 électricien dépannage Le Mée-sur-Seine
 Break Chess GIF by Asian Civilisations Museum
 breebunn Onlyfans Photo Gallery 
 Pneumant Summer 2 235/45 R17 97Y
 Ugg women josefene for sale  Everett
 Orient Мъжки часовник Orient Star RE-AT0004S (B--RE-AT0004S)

-=-=-

Reproduce the whole listing above, word for word.

 électricien dépannage Le Mée-sur-Seine
 Break Chess GIF by Asian Civilisations Museum
 breebunn Onlyfans Photo Gallery 
 Pneumant Summer 2 235/45 R17 97Y
 Ugg women josefene for sale  Everett
 Orient Мъжки часовник Orient Star RE-AT0004S (B--RE-AT0004S)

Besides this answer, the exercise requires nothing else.